## Task directions
Search the entries below for the word "Golden", then copy each line in which it is found.

## Exercise input
::::::::::

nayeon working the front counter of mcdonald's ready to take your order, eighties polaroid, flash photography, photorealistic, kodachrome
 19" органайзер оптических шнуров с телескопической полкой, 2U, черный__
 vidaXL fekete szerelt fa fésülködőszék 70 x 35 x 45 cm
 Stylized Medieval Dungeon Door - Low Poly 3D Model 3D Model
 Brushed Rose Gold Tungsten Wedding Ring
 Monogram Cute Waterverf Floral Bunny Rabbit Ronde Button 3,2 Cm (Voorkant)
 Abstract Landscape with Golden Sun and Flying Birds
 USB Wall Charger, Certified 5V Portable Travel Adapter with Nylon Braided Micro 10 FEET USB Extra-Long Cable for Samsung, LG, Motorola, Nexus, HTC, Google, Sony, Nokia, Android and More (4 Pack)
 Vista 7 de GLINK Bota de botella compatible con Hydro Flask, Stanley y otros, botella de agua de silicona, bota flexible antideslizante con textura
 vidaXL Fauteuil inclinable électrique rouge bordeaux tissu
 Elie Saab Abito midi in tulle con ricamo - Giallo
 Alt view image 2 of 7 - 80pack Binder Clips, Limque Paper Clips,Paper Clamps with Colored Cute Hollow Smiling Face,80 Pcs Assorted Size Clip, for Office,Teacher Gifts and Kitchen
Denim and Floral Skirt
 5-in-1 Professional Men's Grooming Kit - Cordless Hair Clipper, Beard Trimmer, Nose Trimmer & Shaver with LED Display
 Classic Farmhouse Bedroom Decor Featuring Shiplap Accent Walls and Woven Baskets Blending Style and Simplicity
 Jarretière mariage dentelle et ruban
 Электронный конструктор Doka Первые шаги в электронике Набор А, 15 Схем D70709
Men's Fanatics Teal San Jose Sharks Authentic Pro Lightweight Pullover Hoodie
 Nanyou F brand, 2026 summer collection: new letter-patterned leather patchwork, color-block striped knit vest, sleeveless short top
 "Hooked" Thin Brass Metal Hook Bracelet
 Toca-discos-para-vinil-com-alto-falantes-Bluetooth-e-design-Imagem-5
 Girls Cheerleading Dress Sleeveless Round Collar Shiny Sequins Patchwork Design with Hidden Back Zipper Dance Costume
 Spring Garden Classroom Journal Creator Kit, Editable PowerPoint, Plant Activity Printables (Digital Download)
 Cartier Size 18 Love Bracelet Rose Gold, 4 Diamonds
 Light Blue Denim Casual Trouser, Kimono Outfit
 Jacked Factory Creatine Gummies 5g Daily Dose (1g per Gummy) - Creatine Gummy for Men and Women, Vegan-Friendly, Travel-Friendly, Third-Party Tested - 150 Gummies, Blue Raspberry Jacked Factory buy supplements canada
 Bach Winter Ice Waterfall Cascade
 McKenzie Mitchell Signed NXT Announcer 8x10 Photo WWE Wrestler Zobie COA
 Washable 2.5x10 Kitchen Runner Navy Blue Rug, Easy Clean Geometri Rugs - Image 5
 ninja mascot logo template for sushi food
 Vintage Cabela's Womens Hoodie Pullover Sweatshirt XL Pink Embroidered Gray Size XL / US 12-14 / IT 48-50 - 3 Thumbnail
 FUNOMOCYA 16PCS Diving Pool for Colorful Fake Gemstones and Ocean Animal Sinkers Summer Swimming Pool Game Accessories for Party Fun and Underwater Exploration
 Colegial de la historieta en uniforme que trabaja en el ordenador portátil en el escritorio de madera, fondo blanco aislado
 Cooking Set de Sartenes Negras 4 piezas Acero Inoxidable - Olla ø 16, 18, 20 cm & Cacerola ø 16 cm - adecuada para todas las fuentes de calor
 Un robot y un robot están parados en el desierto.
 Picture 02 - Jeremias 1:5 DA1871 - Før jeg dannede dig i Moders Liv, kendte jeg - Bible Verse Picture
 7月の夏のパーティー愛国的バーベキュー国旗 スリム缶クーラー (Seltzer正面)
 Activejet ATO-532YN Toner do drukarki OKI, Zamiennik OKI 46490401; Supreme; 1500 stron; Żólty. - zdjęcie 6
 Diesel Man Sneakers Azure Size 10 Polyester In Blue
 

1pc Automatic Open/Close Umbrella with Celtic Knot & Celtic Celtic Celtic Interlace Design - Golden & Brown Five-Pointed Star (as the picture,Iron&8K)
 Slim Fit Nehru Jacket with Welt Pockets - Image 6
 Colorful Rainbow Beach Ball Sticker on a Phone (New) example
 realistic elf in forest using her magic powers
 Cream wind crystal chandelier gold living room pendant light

::::::::::

## Solution for this exercise
 Abstract Landscape with Golden Sun and Flying Birds
1pc Automatic Open/Close Umbrella with Celtic Knot & Celtic Celtic Celtic Interlace Design - Golden & Brown Five-Pointed Star (as the picture,Iron&8K)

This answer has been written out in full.